One of the system’s most innovative features is its Data-Driven Adapter Layer. Instead of hardcoding logic for every new proxy provider, Shaheen utilizes a flexible JSON-based template system. This allows the routing engine to dynamically construct authentication strings and connection URLs based on the target provider’s requirements.

How it works: The system maps generic parameters (User, Country, Session) to vendor-specific formats using configuration templates.

Example Configuration (Dummy Data):

"templates": {
  "CloudRotator": {
    "url_format": "http://customer-{user}-cc-{country}-sess-{session}:{password}@{host}:{port}",
    "default_params": { "country": "us" }
  },
  "StaticBackbone": {
    "url_format": "socks5://{user}:{password}_country_{country}@{host}:{port}",
    "requires_whitelist": true
  }
}

When a request arrives, the ProxyManager identifies the optimal provider and hydrates the corresponding template. This architecture allows for the addition of new upstream vendors via configuration updates alone, requiring zero code changes or recompilation.

Architecture & Implementation

The system is built on the Tokio asynchronous runtime to ensure non-blocking I/O operations, critical for high-throughput middleware.

Stack

  • Core Runtime: Tokio (Multi-threaded work stealing scheduler)
  • Protocol Layer: Hyper (HTTP/1 & HTTP/2 implementation)
  • Upstream Client: Reqwest (customized for high-concurrency pooling)

Request Flow

REQ FLOW DIAGRAM

The Interceptor Pattern:

shaheen-Interceptor-Pattern.svg

A critical component for stability is the Connection Pre-flight & Interception mechanism. Standard tunneling behaviors can cause client crashes if an upstream proxy returns an HTML error body during a handshake (e.g., a “407 Proxy Auth Required” page instead of a TCP stream).
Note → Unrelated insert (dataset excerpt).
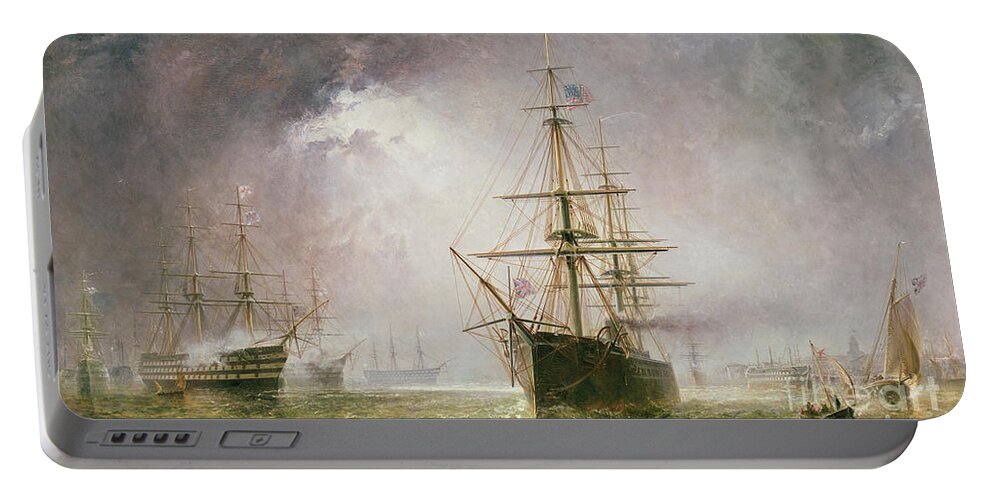Sea; Battle Portable Battery Charger featuring the painting Half Mast High 19th century by Robert Dudley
Shaheen implements a “Look-Ahead” buffer during the connection phase:

  1. Establish Upstream: The server connects to the provider but holds the client connection.
  2. Analyze Handshake: It inspects the first packet returned by the upstream.
  3. Sanitize: If the upstream returns a provider-specific error (leaking vendor info), Shaheen intercepts it, logs the detailed telemetry internally, and returns a generic 502 Bad Gateway or 503 Service Unavailable to the client.
  4. Confirm: Only upon a successful 200 Connected response is the byte stream bridged to the client.

Scalability Challenges & Future Architecture

While the current implementation performs robustly on a single node (handling hundreds of concurrent threads), distinct challenges emerge under extreme load (1000+ RPS).

Current Bottlenecks

  1. Session Locking: The internal session storage uses standard Mutex locks (std::sync::Mutex). Under high concurrency, lock contention for reading/writing session states becomes a performance bottleneck.
  2. Ephemeral Port Exhaustion: Basic connection pooling can struggle with rapid recycling of outgoing connections to hundreds of different upstream IPs.

Distributed Roadmap:

shaheen-distributed-Pattern To move from a single-node utility to an enterprise-grade cluster, the architecture is evolving towards a distributed model:

  1. Horizontal Scaling: Deploying multiple stateless Shaheen nodes behind a Layer 4 Load Balancer (e.g., HAProxy or NGINX).
  2. Distributed State Management: Refactoring the internal HashMap session storage to use an external, low-latency store like Redis. This will allow session stickiness to persist across different nodes in the cluster.
  3. Circuit Breaking: Implementing robust failure detection that temporarily removes underperforming upstream nodes from the rotation pool across the entire cluster.

Status

The project is functional and in active development.

  • Core Status: Stable Alpha.

  • Protocol Support: HTTP CONNECT, SOCKS5.

  • Security: Active traffic masking and error sanitization.

Active Engineering Tasks

  • Refactor Session Management: migrating from in-memory Mutex maps to lock-free concurrent data structures (e.g., DashMap) or external Redis storage.
  • Load Balancing Strategy: Designing the deployment architecture for multi-node orchestration.
  • Observability: Integrating standard metrics (Prometheus) to visualize lock contention and upstream latency distribution.